→ WORK REQUIRED:
Transcribe every line from the one containing "Q372小型定制吊钩式抛丸清理机" through the end of the records below, exactly, but not the pictures.

→ RECORDS FOR THIS TASK:
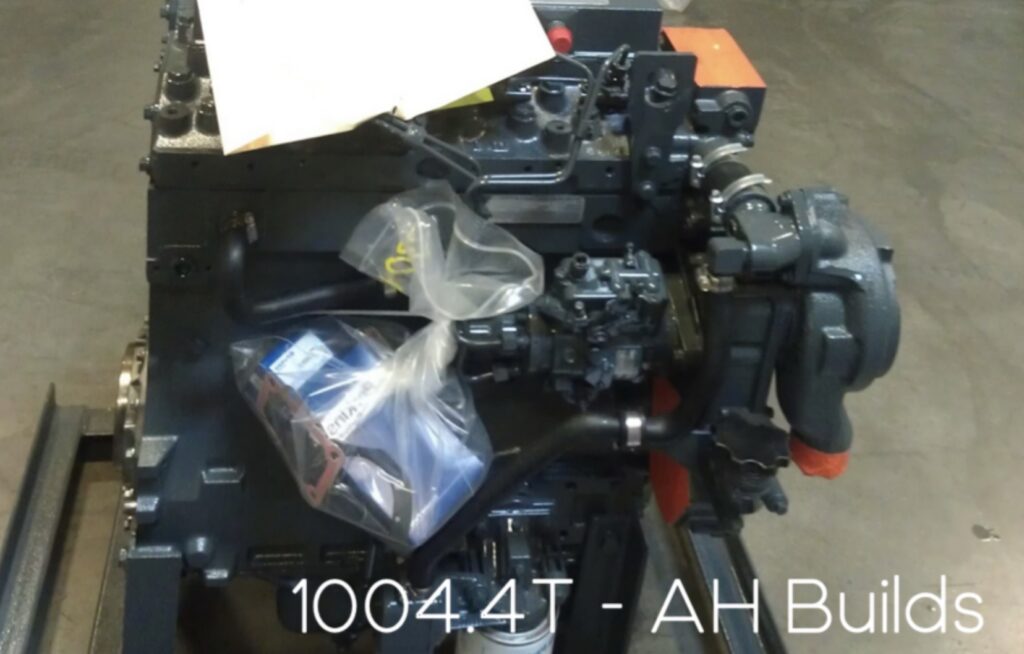 Perkins 1004.4T - AH Builds Remanufactured Diesel Engine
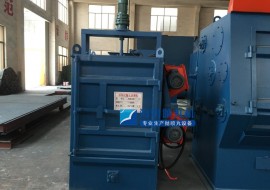 Q372小型定制吊钩式抛丸清理机
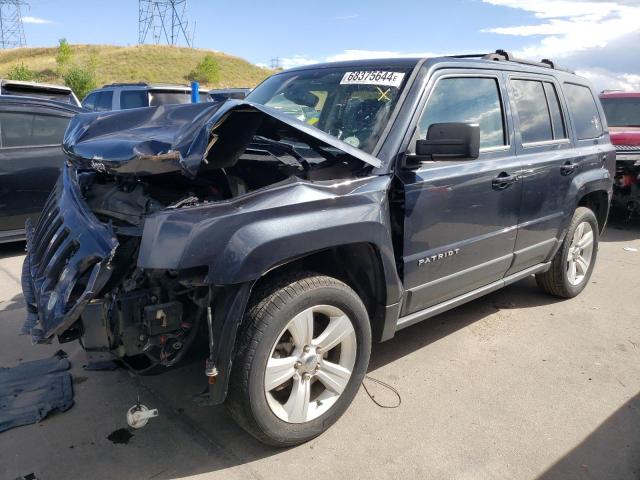 jeep patriot la 2014 1c4njrfb1ed520627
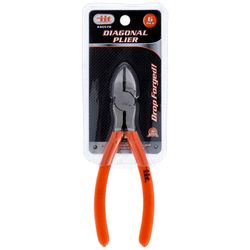 JMK Illinois Industrial Tool 6 in. Drop Forged Steel Diagonal Pliers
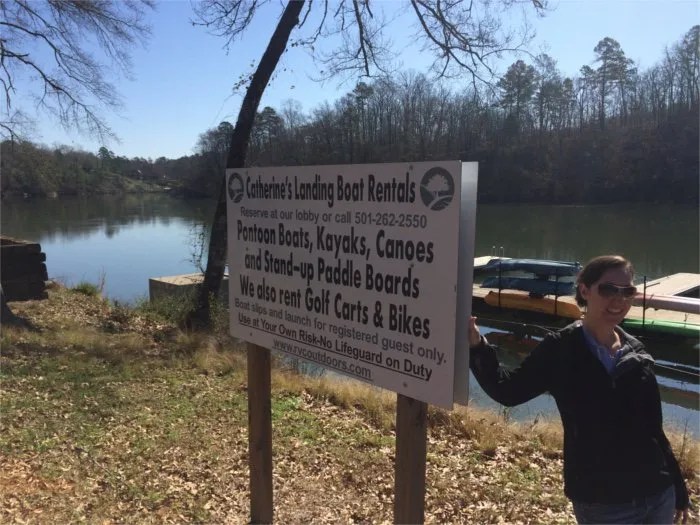 RV Park Review Catherine's Landing in Hot Springs, AR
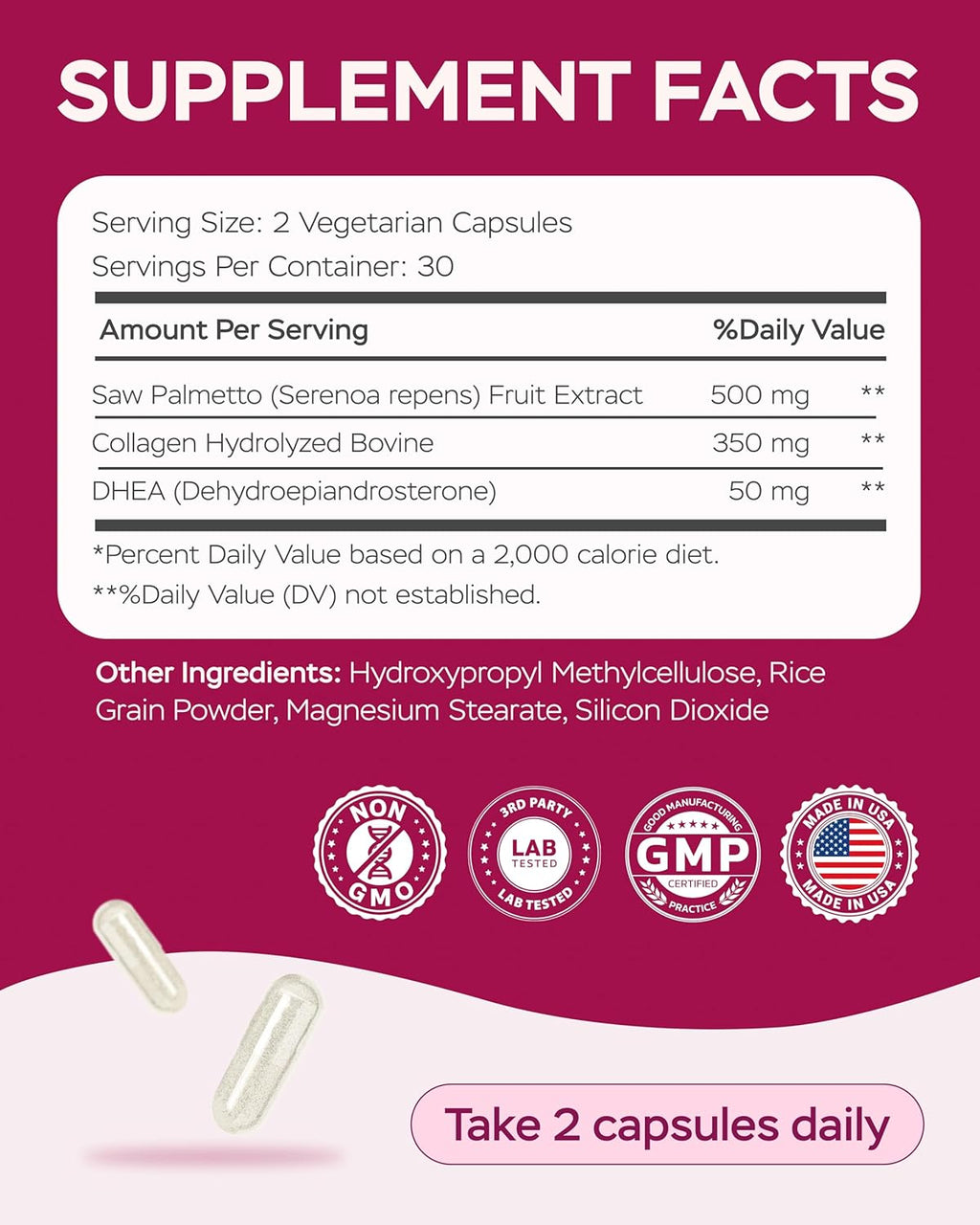 Improved Complex Saw Palmetto for Women 900 mg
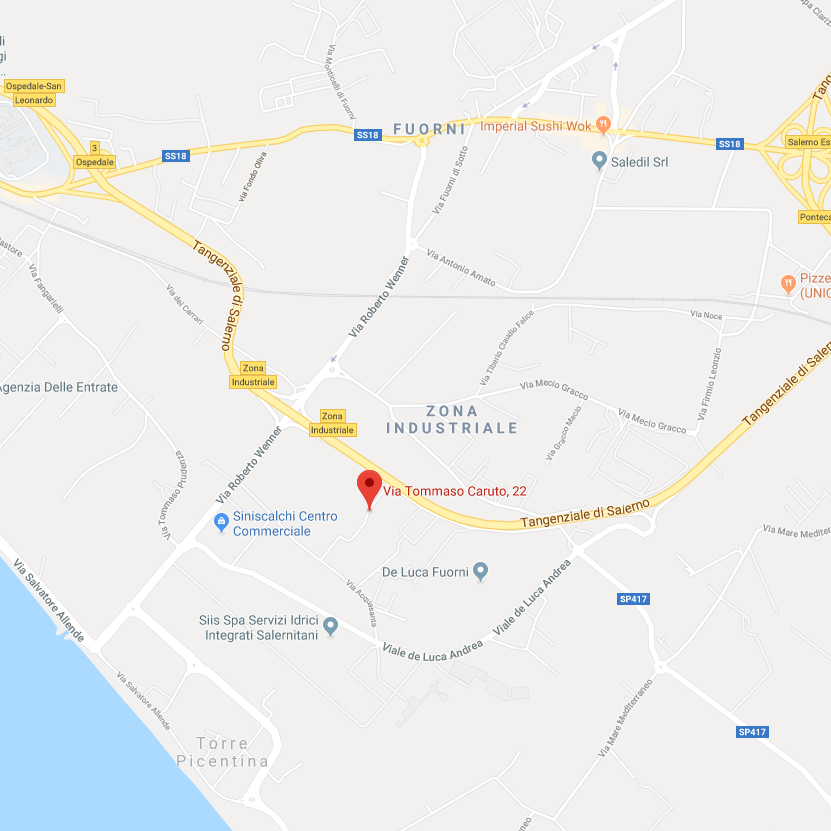 Via Tommaso Caruto, 22, Salerno
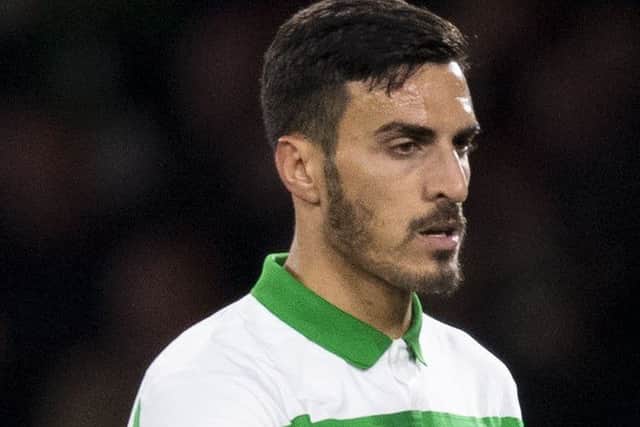 Celtic's Hatem Abd Elhamed was one of the stars in the victory over Lazio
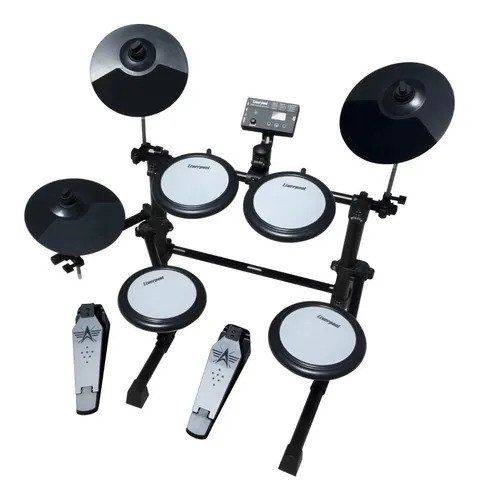 BATERIA ELETRONICA LIVERPOOL  DRUM ONE 7 PEÇAS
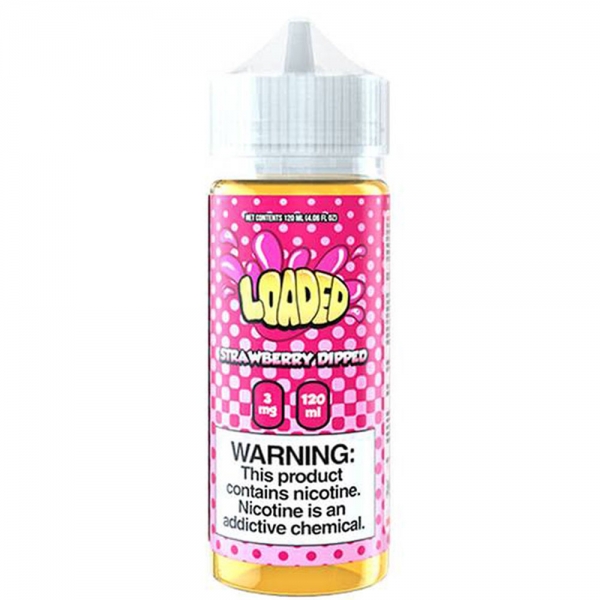 Loaded Strawberry Dipped 120 Ml Likit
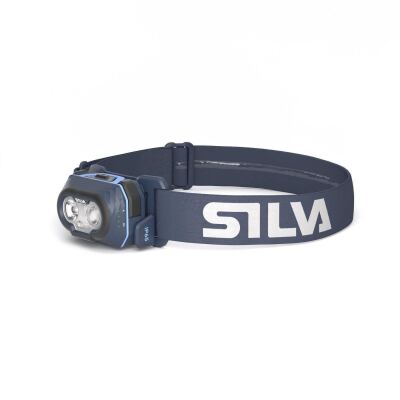 Фонарь налобный Silva Discover, 500 люмен, Blue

→ ANSWER SPACE:
 Q372小型定制吊钩式抛丸清理机
 jeep patriot la 2014 1c4njrfb1ed520627
 JMK Illinois Industrial Tool 6 in. Drop Forged Steel Diagonal Pliers
 RV Park Review Catherine's Landing in Hot Springs, AR
 Improved Complex Saw Palmetto for Women 900 mg
 Via Tommaso Caruto, 22, Salerno
 Celtic's Hatem Abd Elhamed was one of the stars in the victory over Lazio
 BATERIA ELETRONICA LIVERPOOL  DRUM ONE 7 PEÇAS
 Loaded Strawberry Dipped 120 Ml Likit
 Фонарь налобный Silva Discover, 500 люмен, Blue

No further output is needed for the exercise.